The amusement quickly ended. A day later Fitch appeared in front of the Chicago City Council, and told the alderman that he “confessed” only after police officers at the detective bureau beat him with a rubber hose. Fitch took off his shirt in the council chamber, revealing bruises and abrasions on his left side,  contusions on his face, and a left hand so swollen that he was unable to work (Chicago Tribune, January 30, 1923, p. 7).

A representative from the police department auto unit tried to convince the alderman that Fitch had been injured before his arrest, and told the arresting officer that he had fallen off a park bench. Alderman were skeptical, and outraged. At the end of the hearing, the chief of police promised to let Fitch try to identify the officers who beat him. The Chicago Tribune quoted the chief as telling the city council that he was “not in favor of beating prisoners” and that he would do his “best to stop it” (Chicago Tribune, January 30, 1923, p. 7).

The next day, Fitch viewed a photo array and identified William Cox, a detective sergeant, as the man who beat him. Fitch also picked out several other officers who watched the beating. Fitch also described being told he was being taken to what the detectives called “the gold fish room” for his beating (Chicago Tribune, January 31, 1923, 1). Cox and several other officers were quickly indicted and the city council unanimously passed a resolution directing the chief of police suspend

any officer or officers who may be indicted for cruelty to any prisoner or prisoners

before they were tried. The resolution also demanded that the police department engage in a complete investigation into charges of police cruelty (Chicago Tribune, February 1, 1923, p. 3).
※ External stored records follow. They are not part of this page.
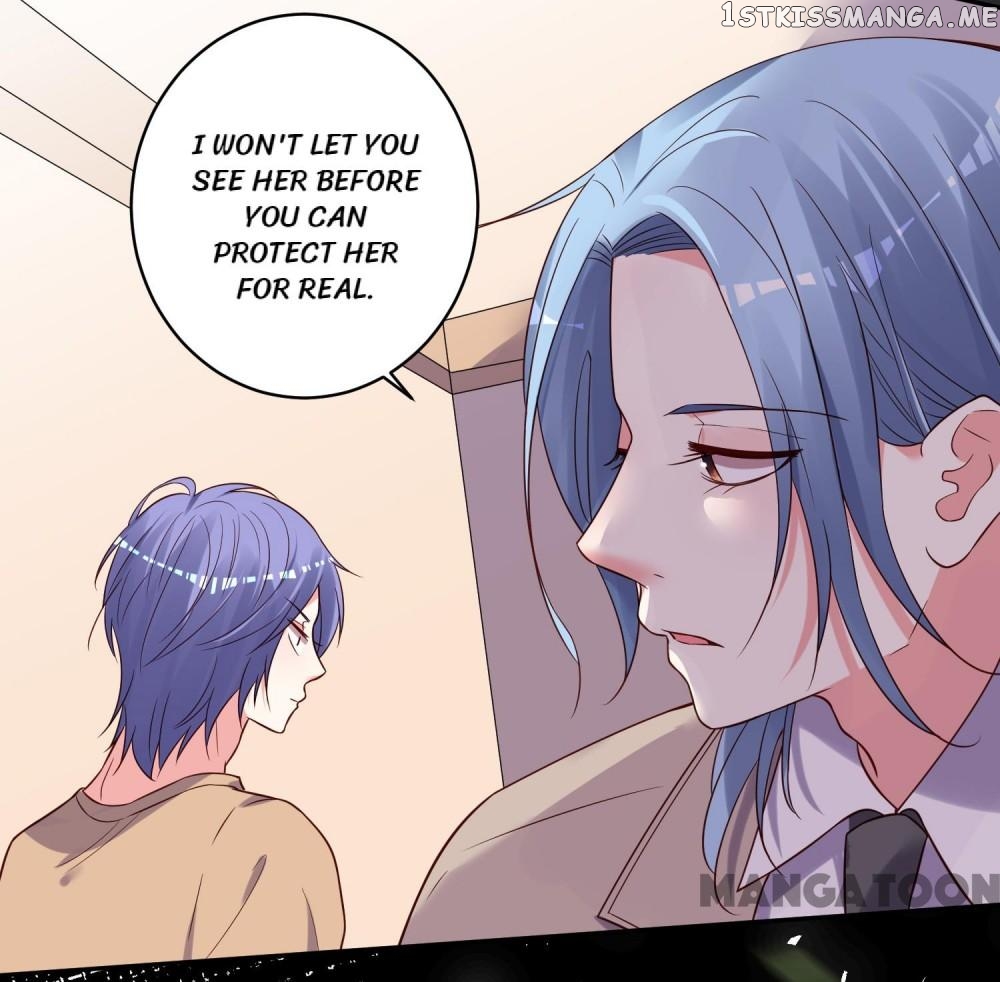 Blackmailed By Bossy Ceo chapter 275 - page 2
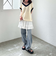 ラインミドルベスト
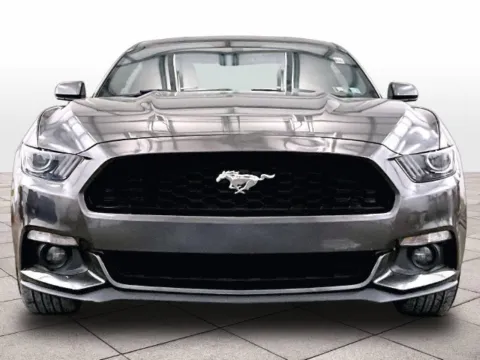 More photos of 2015 Ford Mustang EcoBoost at Bob Ruth Ford Dillsburg, PA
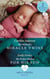 The Midwife's Miracle Twins / The Perfect Mother For His Son - The Midwife's Miracle Twins / The Perfect Mother for His Son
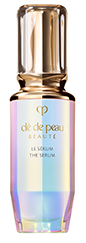 the serum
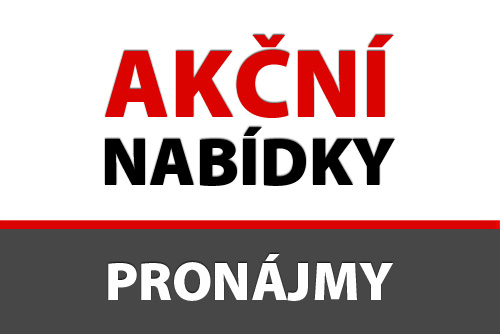 Akční nabídka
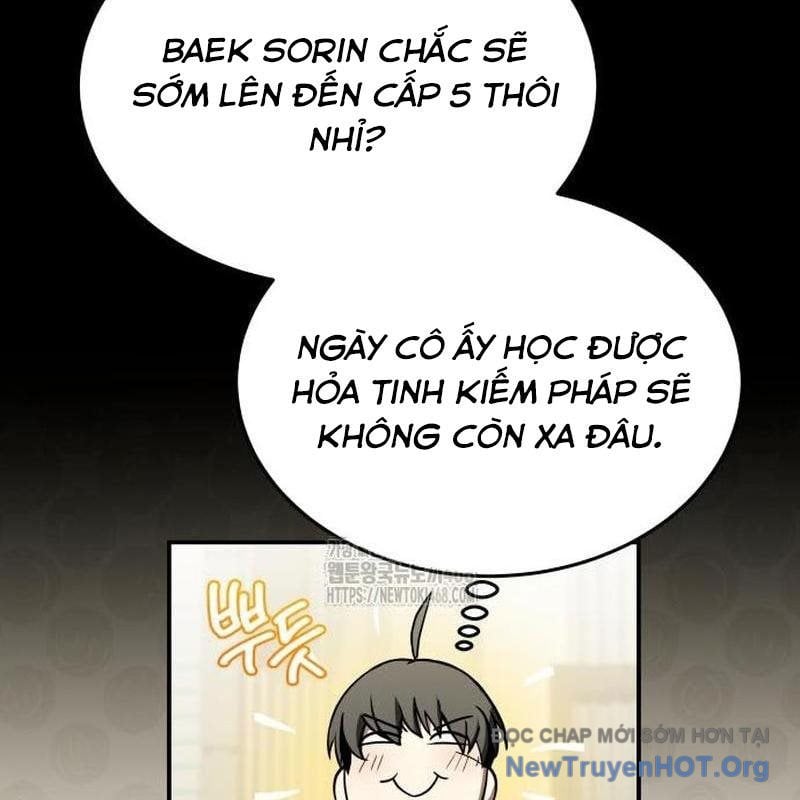 Kim Chiến Sĩ: Hành Trình Xây Dựng Đặc Tính Chap 52 - Next Chap 53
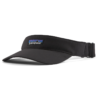 Airshed Visor "Black" OS - Patagonia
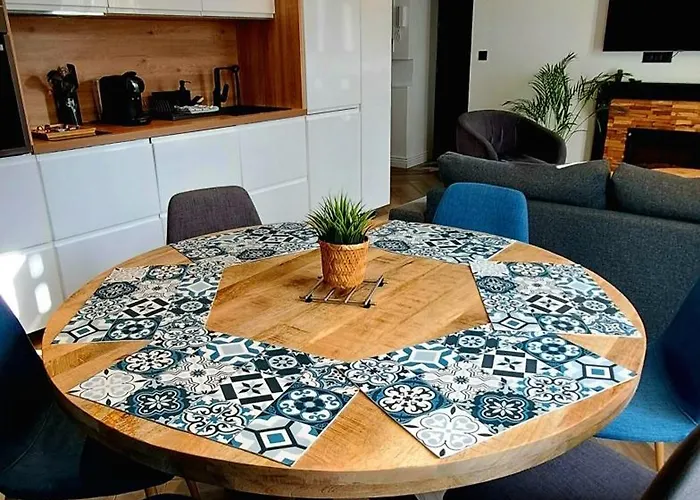 L'indigo, 4-6 Pers, 2ch-2sdb, Proche Cite De La Gastronomie Lägenhet *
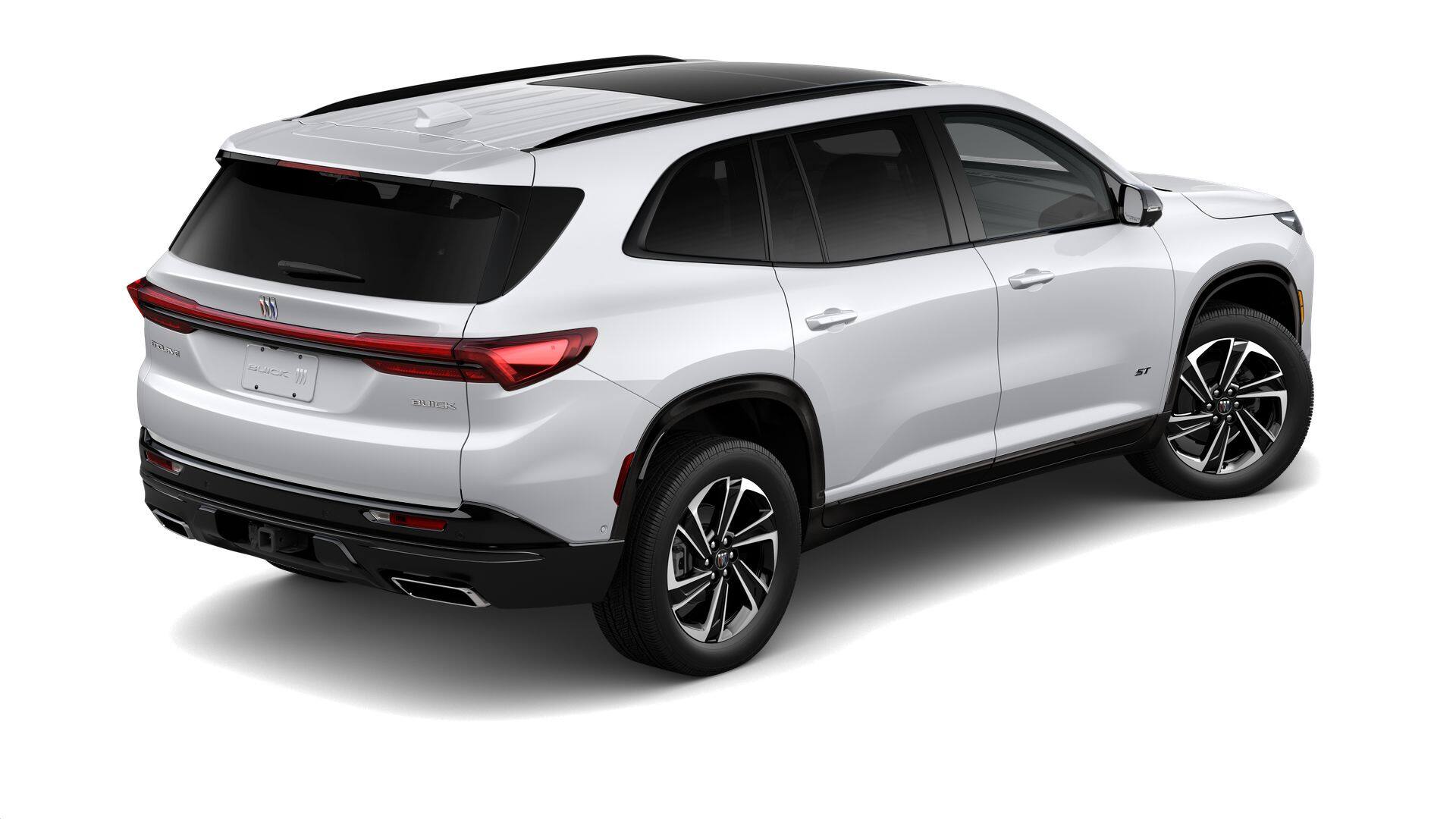2026 Buick Enclave Sport Touring - Photo 49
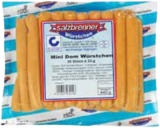 Aktuelle Wurst Angebote bei EDEKA in Rostock Aktuelles Mini Dom Würstchen Angebot bei EDEKA in Rostock ab 5,99 €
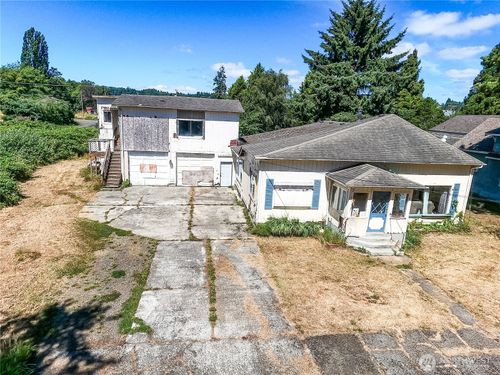 816 6th St, Hoquiam, WA, 98550-3406 | Card Image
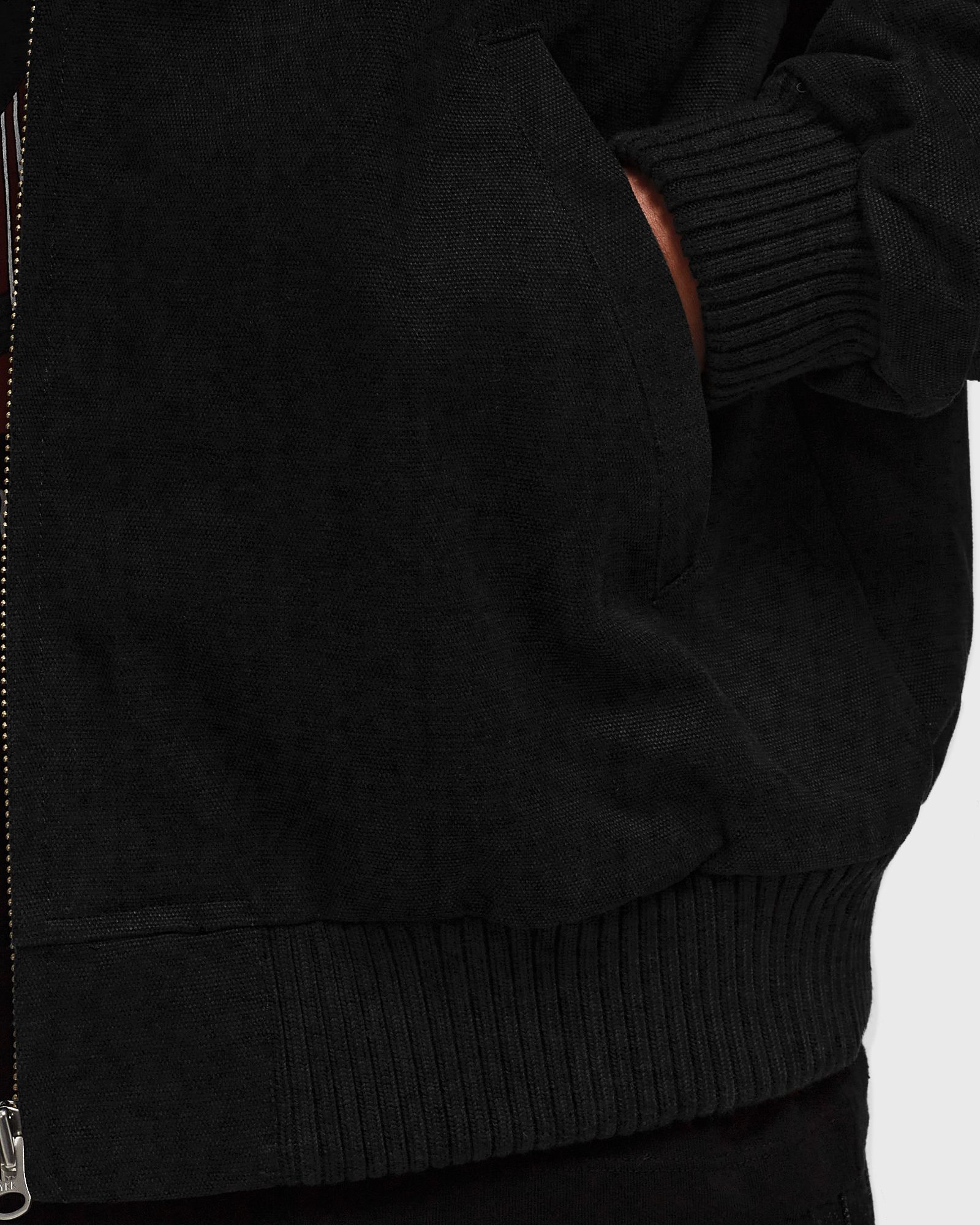 inspiration point jacket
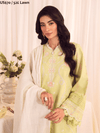 Faiza FaisalCeline Festive Lawn.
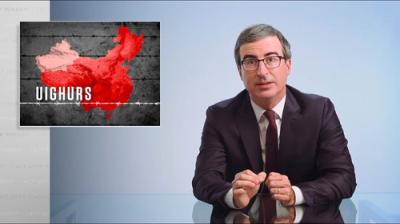 Last Week Tonight with John Oliver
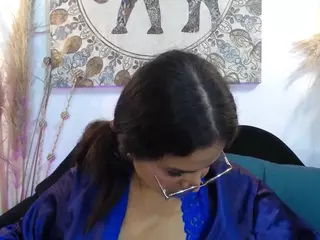 Nikole's Live Sex Cam Show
The police department promptly suspended Cox and the other two officers that Fitch had identified. The three were released on bond (Chicago Tribune, February 3, 1923, p.3; Chicago Tribune, February 4, 1923, p. 14). But outrage about the incident quickly was overwhelmed by political bickering at the city council (Chicago Tribune, February 8, 1923, 2). By November 1923, Cox was back on the job and involved in the investigation into the murder of Edward Lehman during a robbery (Chicago Tribune, November 24, 1923, 1).

Partial Vindication

In the fall of 1946, just a few months after the protest over the arrest and mistreatment of Hector Verburgh and Desore Smet, Chicago police arrested Leslie Wakat, twice.

The first time he was taken into custody, Wakat was arrested for “investigation” and held three days until a lawyer filed a petition for habeas corpus on his behalf. After a hearing, a judge ordered that Wakat be released. A few hours later, Wakat was arrested a second time, once again for investigation. After his second arrest, Wakat was taken to Chicago’s Town Hall police station in the Lake View neighborhood.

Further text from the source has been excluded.